◆ Work to be completed:
Pictures in the entries below are excluded; copy only the lines from the one containing "Седан Ford Fusion 2013 в Дніпрі" to the one containing "Mang áo dài, nón", both included.

◆ Records shown:
■ ■ ■ ■ ■

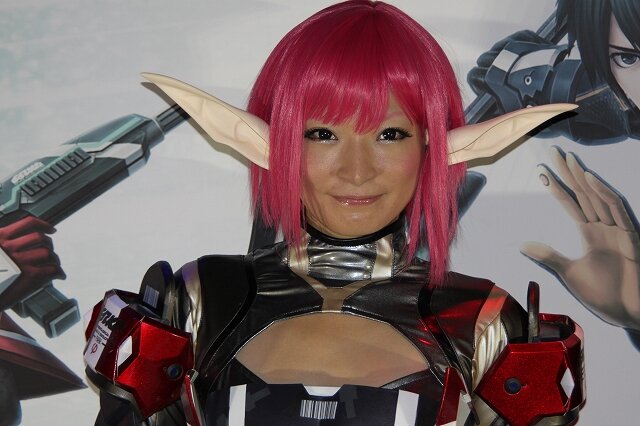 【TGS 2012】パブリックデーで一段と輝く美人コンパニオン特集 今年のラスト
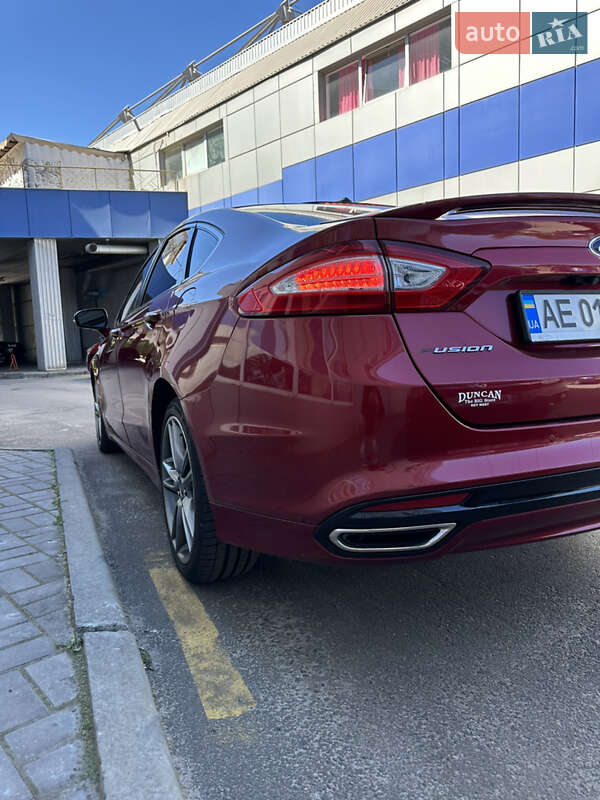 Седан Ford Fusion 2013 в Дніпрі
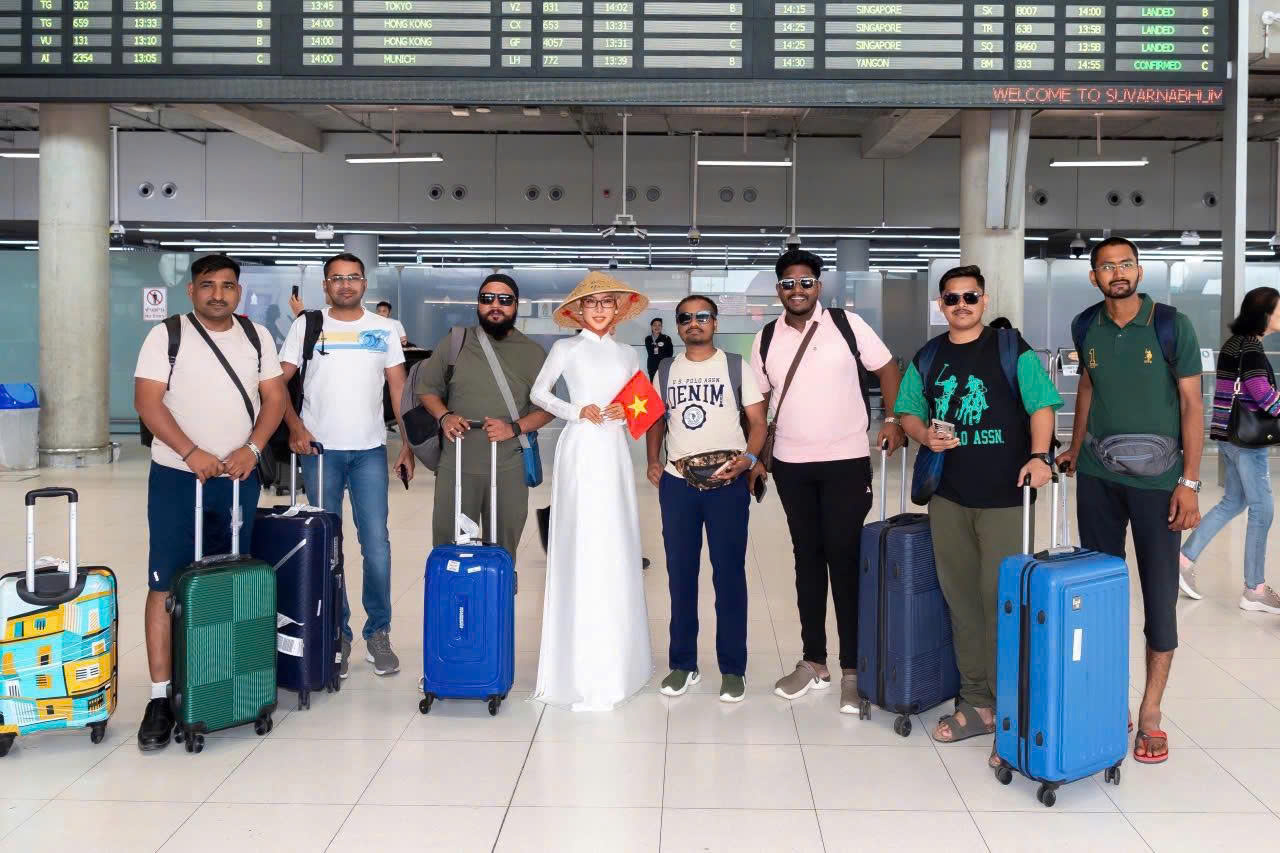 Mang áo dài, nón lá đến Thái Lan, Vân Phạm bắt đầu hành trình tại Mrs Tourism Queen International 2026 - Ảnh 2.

■ ■ ■ ■ ■

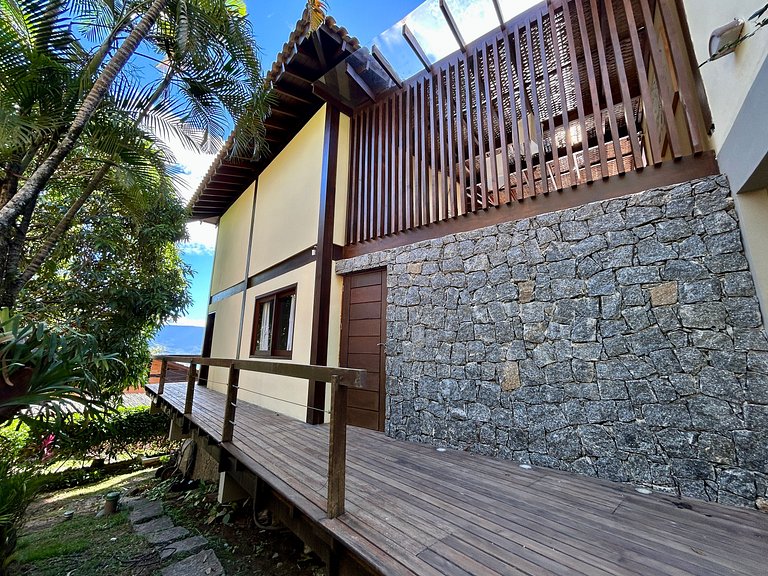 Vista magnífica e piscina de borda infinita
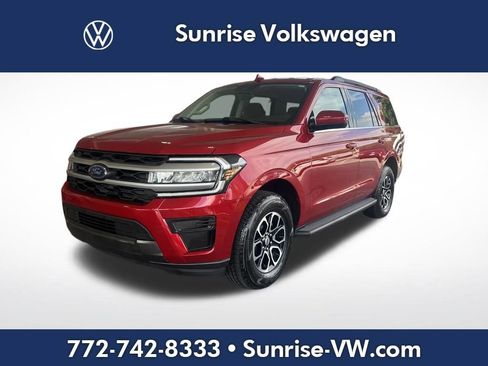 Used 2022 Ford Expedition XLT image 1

■ ■ ■ ■ ■

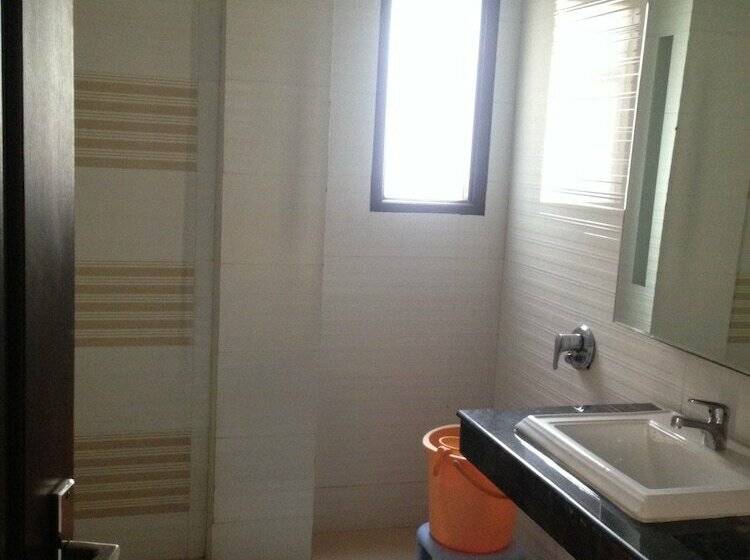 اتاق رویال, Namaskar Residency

■ ■ ■ ■ ■

◆ Your response:
 Седан Ford Fusion 2013 в Дніпрі
 Mang áo dài, nón lá đến Thái Lan, Vân Phạm bắt đầu hành trình tại Mrs Tourism Queen International 2026 - Ảnh 2.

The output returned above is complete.